By 1966, Republican fortunes were on the rise, thanks in part to a rein-vigorated GOP as well as the drooping popularity of LBJ as the public focused more on Vietnam. In the midterm elections that November a string of Republicans were elected across the country—notably Governors George Romney of Michigan and Ronald Reagan of California. Republicans gained forty-seven seats in the House, which brought to Congress a number of bright freshmen members: William Steiger of Wisconsin and Edward “Pete” Biester of Pennsylvania particularly stood out. Both were fine examples of legislators willing to dig down on issues and consider legislation on its merits. They thought as I did about the Congress—rather than serving as a stepping-stone to the Senate or the White House, there was important work to do where we were.
‡

Another new member who supported some of our reform efforts was George Herbert Walker Bush, the son of Senator Prescott Bush of Greenwich, Connecticut. Bush attracted notice by managing to secure a coveted seat on the Ways and Means Committee as a first-term congressman. Bush and I would find each other in the same circles many times in the years that followed.

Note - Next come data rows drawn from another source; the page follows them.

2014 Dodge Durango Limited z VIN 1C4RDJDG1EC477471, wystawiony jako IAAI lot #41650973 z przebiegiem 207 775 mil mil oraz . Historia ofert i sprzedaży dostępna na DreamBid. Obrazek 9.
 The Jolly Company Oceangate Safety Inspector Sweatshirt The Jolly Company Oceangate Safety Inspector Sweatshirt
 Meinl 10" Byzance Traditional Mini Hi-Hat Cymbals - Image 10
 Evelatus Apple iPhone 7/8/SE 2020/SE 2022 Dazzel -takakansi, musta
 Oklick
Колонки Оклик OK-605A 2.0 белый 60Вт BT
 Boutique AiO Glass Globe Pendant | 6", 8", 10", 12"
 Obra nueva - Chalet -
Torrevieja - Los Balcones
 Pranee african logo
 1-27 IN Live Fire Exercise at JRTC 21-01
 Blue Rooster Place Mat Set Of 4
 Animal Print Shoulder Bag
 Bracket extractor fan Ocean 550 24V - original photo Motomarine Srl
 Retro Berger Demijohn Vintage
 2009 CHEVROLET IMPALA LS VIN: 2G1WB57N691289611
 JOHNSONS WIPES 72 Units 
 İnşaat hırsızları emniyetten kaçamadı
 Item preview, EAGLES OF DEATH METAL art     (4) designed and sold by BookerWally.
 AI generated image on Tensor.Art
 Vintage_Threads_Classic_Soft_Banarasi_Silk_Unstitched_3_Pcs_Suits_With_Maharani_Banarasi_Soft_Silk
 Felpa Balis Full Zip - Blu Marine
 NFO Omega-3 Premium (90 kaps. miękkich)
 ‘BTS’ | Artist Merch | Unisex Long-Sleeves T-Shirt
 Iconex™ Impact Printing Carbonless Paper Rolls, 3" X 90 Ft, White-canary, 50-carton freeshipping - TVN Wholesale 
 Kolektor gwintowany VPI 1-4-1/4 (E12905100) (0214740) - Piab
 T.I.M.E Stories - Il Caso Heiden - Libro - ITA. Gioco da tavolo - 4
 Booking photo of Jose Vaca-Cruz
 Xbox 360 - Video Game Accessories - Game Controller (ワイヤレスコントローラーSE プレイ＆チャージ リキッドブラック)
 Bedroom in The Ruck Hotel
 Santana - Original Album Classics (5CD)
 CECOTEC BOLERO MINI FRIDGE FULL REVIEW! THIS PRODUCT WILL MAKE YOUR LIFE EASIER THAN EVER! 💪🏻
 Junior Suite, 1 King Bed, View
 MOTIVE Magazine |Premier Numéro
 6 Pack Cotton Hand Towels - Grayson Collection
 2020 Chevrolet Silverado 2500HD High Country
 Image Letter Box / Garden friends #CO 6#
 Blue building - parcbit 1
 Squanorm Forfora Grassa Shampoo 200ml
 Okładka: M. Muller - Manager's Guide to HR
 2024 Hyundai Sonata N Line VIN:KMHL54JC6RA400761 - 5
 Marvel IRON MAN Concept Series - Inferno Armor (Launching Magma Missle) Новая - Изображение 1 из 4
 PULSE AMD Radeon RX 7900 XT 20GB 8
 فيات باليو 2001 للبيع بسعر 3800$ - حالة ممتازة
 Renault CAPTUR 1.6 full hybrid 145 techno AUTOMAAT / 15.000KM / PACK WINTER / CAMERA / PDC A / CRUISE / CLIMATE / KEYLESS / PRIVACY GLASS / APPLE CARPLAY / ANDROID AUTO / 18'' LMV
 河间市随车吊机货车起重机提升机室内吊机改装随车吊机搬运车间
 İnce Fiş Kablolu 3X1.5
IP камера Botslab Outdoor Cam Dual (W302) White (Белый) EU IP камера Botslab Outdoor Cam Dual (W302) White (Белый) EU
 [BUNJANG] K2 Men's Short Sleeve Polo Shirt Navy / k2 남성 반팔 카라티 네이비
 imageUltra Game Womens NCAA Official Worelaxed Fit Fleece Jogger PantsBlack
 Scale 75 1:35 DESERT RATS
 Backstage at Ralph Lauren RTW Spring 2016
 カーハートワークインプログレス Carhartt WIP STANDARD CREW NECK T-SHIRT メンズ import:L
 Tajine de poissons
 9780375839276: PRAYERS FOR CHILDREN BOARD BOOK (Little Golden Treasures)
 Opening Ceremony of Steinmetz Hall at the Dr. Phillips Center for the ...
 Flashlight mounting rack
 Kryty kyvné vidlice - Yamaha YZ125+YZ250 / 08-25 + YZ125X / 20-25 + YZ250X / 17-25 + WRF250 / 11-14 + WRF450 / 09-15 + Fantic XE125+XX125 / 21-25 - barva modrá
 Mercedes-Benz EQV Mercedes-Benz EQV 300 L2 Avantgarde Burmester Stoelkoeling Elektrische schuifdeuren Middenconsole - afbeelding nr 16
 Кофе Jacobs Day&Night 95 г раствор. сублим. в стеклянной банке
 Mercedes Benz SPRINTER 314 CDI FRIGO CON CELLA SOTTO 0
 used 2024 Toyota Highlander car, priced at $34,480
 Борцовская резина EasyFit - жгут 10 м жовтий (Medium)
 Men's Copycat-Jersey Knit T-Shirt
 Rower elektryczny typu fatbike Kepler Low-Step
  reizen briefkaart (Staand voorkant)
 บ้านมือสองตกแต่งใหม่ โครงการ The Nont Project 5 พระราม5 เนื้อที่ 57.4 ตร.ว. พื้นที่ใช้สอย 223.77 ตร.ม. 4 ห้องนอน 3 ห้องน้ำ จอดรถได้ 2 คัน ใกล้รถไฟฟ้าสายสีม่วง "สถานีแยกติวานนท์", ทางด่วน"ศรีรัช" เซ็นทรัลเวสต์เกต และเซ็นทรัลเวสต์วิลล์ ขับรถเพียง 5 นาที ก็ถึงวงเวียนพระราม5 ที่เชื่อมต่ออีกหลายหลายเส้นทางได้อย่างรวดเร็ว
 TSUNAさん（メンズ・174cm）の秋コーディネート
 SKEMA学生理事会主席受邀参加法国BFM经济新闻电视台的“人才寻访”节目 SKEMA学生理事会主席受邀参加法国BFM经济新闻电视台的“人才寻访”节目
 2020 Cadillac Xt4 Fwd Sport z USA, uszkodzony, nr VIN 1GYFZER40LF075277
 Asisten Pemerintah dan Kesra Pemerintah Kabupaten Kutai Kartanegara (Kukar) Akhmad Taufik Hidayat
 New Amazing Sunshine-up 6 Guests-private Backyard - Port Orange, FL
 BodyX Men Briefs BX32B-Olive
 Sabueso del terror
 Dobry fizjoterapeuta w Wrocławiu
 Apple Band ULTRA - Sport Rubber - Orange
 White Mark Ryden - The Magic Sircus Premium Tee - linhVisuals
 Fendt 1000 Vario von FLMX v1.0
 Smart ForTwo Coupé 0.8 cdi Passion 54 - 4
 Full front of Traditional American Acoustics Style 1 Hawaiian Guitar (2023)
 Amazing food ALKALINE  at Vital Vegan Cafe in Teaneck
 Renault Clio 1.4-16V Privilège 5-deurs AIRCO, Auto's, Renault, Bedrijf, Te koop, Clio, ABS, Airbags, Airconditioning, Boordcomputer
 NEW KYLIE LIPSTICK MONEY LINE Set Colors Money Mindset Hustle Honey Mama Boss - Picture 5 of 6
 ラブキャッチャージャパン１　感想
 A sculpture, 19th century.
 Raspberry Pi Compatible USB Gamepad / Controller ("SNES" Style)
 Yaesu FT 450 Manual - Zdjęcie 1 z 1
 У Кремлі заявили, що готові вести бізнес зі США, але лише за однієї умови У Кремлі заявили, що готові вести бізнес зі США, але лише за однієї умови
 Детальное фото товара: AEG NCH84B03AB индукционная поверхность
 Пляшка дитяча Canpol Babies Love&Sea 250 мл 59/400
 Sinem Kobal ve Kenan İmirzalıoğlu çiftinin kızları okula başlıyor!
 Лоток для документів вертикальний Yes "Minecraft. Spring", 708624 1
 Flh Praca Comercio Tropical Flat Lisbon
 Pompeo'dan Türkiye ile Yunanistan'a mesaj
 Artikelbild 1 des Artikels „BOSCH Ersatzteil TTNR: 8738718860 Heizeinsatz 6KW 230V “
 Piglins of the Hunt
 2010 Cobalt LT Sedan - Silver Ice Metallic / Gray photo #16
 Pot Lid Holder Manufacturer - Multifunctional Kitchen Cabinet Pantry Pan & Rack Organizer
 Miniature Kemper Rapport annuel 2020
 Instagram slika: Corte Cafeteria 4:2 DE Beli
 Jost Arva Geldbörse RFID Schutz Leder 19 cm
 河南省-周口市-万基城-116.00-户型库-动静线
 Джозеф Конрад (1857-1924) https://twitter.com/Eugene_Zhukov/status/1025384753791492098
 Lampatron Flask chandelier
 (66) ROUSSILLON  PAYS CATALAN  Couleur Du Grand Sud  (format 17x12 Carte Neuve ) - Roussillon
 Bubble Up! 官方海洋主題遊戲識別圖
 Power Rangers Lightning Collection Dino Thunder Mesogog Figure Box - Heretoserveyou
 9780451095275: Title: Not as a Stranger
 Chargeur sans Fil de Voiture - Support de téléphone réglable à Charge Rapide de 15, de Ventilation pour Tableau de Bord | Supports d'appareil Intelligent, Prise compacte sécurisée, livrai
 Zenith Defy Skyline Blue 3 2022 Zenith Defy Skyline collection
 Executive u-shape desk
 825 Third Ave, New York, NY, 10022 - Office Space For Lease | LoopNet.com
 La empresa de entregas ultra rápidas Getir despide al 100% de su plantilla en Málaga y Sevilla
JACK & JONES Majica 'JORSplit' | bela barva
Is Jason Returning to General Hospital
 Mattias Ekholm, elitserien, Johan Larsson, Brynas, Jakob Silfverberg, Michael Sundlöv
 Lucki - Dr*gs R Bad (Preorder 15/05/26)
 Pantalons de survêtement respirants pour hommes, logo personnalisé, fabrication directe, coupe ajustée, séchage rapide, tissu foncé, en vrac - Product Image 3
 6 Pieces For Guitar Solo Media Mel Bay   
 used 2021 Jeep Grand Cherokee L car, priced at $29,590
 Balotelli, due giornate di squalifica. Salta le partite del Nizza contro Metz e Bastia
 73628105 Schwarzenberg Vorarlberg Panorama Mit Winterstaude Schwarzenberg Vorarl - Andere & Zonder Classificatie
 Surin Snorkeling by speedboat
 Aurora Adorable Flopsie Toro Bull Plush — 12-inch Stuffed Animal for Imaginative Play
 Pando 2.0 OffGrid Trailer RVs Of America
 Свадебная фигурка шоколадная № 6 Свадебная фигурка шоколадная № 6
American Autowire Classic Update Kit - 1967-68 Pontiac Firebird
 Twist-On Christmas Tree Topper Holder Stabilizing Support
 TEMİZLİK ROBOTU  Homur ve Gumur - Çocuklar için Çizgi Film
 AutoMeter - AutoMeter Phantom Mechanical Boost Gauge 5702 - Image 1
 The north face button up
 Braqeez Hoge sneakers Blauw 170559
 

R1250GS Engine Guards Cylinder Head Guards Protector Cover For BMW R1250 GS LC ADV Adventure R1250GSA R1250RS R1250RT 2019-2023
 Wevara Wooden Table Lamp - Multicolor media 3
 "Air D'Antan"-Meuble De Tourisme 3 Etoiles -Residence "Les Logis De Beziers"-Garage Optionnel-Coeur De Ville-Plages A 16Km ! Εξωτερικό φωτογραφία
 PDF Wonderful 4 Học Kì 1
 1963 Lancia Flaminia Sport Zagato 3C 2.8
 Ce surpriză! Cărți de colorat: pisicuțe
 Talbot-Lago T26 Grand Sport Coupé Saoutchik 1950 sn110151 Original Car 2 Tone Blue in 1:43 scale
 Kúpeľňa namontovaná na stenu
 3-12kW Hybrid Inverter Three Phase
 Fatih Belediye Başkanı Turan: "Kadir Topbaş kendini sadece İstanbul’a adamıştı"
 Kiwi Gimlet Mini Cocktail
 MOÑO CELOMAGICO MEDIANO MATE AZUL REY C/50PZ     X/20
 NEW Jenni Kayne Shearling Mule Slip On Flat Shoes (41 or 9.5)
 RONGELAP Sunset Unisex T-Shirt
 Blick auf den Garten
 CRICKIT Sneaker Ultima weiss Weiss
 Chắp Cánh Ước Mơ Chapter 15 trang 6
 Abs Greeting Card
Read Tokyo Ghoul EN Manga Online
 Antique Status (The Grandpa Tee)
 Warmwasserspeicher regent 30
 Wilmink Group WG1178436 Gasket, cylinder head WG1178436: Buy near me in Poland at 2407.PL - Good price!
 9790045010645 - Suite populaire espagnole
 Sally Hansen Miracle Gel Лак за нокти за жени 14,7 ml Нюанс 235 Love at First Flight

Our group's renegade activities also caught the attention of a young Republican who was looking for a job on Capitol Hill. In 1968, Dick Cheney had won an American Political Science Association Congressional Fellowship and applied to be an intern in my congressional office. To this day Dick contends he flunked our first interview—and has gotten a good deal of mileage over the years in telling his amusing but completely inaccurate version of our first meeting, calling it the worst interview of his life. The fact is that I didn't take him as an intern at the time because my office needed a lawyer, not a budding academic. I thought he seemed like a fine person, bright and talented. But I confess that as he left my office that day, I had no expectation that I'd be working so closely with him over so many decades.

 

N
ot long after Gerald Ford won the top Republican leadership post in the House in 1965, he received a phone call from President Johnson. LBJ wasted no time in applying the Johnson treatment to prod the new GOP leader to support his policies on the war in Vietnam. After bellowing, “Congratulations!” Johnson expressed annoyance that Ford had stated, accurately, that Republicans were not getting much in the way of actual information from the White House about the situation in Vietnam.

“There's not anything that we know that we don't want you to know,” LBJ assured him. The President then tried to persuade Ford that the key to increasing the number of Republicans in Congress was to go along with the administration on the war. “I think it will get you more Republican seats than anything else, if you show that you are not picayunish and not fighting,” he advised.